#### GIVEN MATERIAL ####

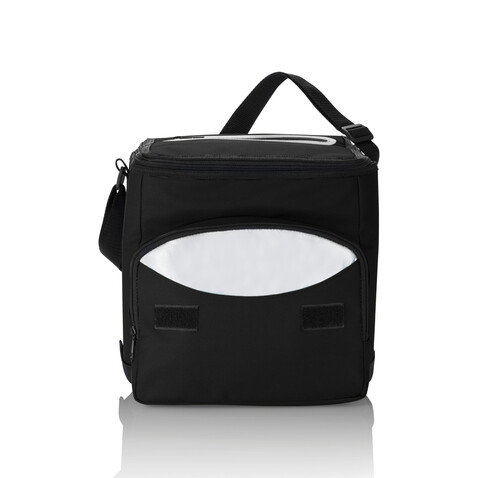 Kühltasche faltbar schwarz, silber bedrucken, Art.-Nr. P733.191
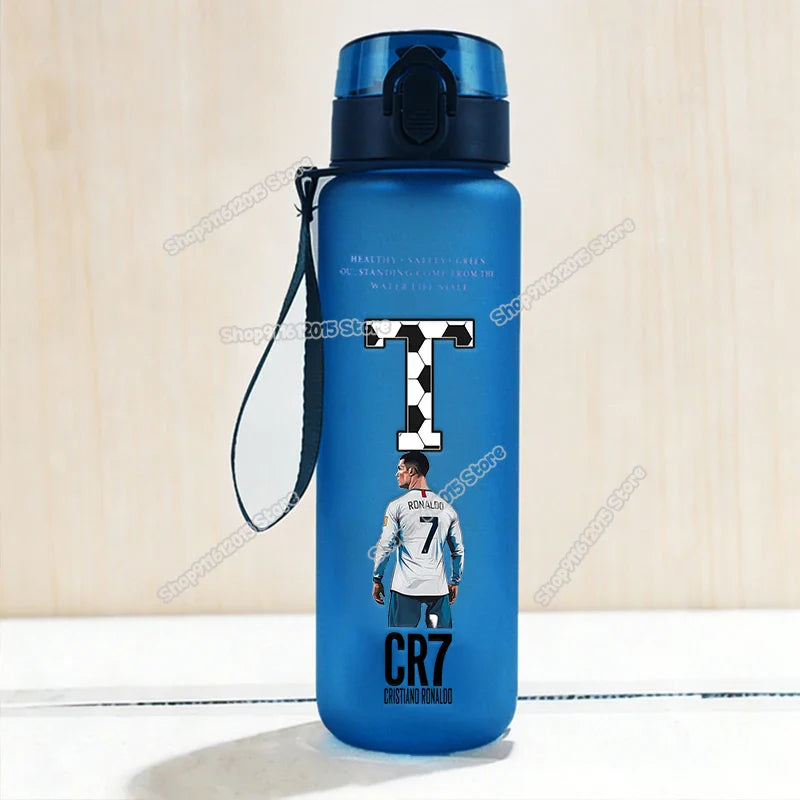 650ml CR7 Ronaldo Water Bottle Soccer Star Letter A-Z Children Outdoor Drink Bottle School Kids Straw Cup Boy Girl Sport Jugs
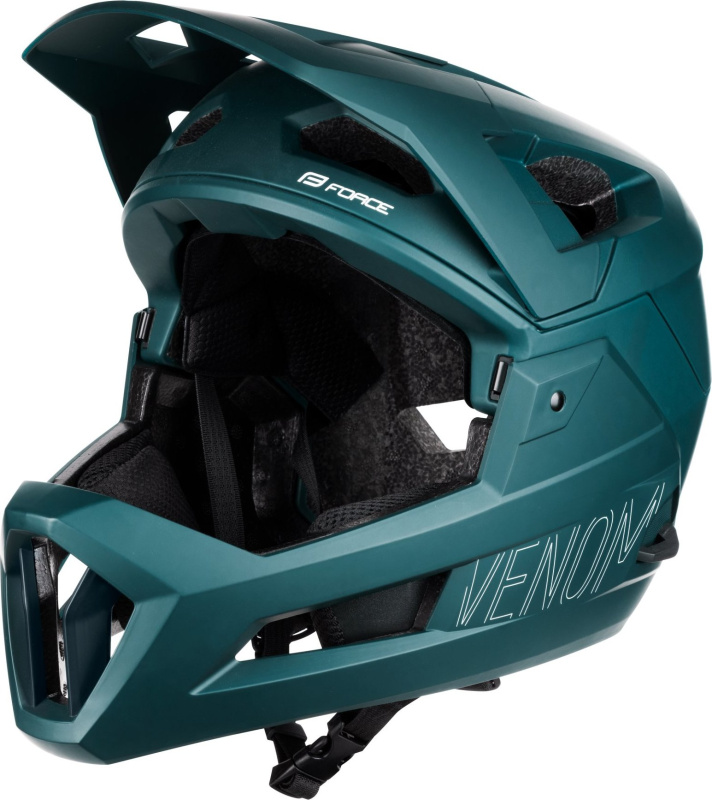 přilba FORCE VENOM downhill, petrolejová Velikost: L-XL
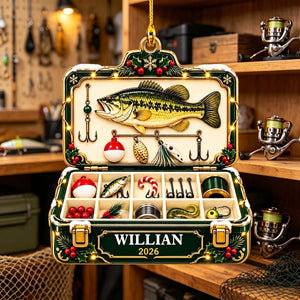 Personalized Fishing Tackle Box Acrylic Ornament - Christmas Gift For Dad Husband Grandpa Fisherman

####

Every line from the one bearing "650ml CR7 Ronaldo" through the end of the data above must be output exactly, and no picture may appear.

 650ml CR7 Ronaldo Water Bottle Soccer Star Letter A-Z Children Outdoor Drink Bottle School Kids Straw Cup Boy Girl Sport Jugs
 přilba FORCE VENOM downhill, petrolejová Velikost: L-XL
 Personalized Fishing Tackle Box Acrylic Ornament - Christmas Gift For Dad Husband Grandpa Fisherman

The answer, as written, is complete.